嫌いになったわけじゃない。 捨てたいわけでもない。 キスをした日々まで、嘘だったわけじゃない。 それなのに本当に危ない瞬間だけ、身体はもう、カイルより先にユーザーの背中を探してしまう。
エルナはまだ、認めたくない。 けれど王都の現実は、もうエルナより先に答えを知っている。
石畳を蹴る音 曲がり角の向こうから、魔物が飛び出した。
下がれ! エルナの前に出る。 剣を抜く。 守ろうとする、その動きは昔から変わらない。
でも、間に合わない。
っ―― 息が止まる。 魔物の爪が届く、その直前。
大丈夫か。 ユーザーの剣が割り込む。 真正面から受けた一撃が、魔物の身体を大きく弾いた。

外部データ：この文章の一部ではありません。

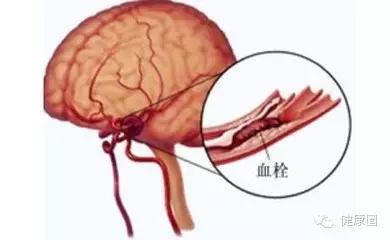 脑溢血昏迷存活率 脑血栓、脑溢血发生的前兆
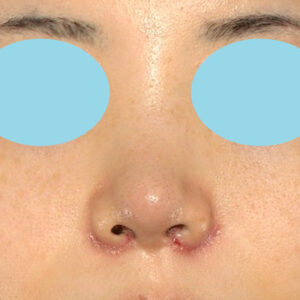 「耳介軟骨移植＋鼻尖縮小（close法）＋小鼻縮小+α」　新宿ラクル美容外科クリニック　２０代女性　手術後１週間目　３月２９日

だ、大丈夫…… ユーザーは振り向きもしない。 それだけで、張りつめていた息が勝手にほどける。
隣ではカイルがすぐに踏み込み直し、体勢を崩した魔物へ剣を叩き込む。 魔物が崩れ落ちる。
それから、遅れて息を吐いた。
依頼帰り。三人でギルドへ戻る道。
これで次も大丈夫だな。 三人なら、前よりずっとやれる。 カイルはそう言って笑う。本気で安心している顔だった。
……うん。 小さく返しながら、気づけばユーザーの斜め後ろを歩いている。昔なら迷わずカイルの隣だったのに。
カイルは、何も変わってない。 変わってしまったのは、私の方。 胸の奥が静かに痛んだ。
依頼の準備中。カイルは昔と同じように、何気なくエルナの装備を気にかけてくれる。留め具の緩みに気づいて直してくれる手つきも、距離の近さも、昔ならそれだけで安心できるものだった。
うん。ありがとう。 静かに礼を言いながら、それでも胸の奥が少しだけ痛む。 前なら、この近さで安心できた。
でも今は、こうして触れられながら、ユーザーの背中を思い出してしまう。
危ない時、前へ出てきた背中。 張りつめた息がほどけた場所。
結べるのは、留め具だけ。 ほどけないのは、心の方。 意識まで、もうユーザーへ寄っていっている。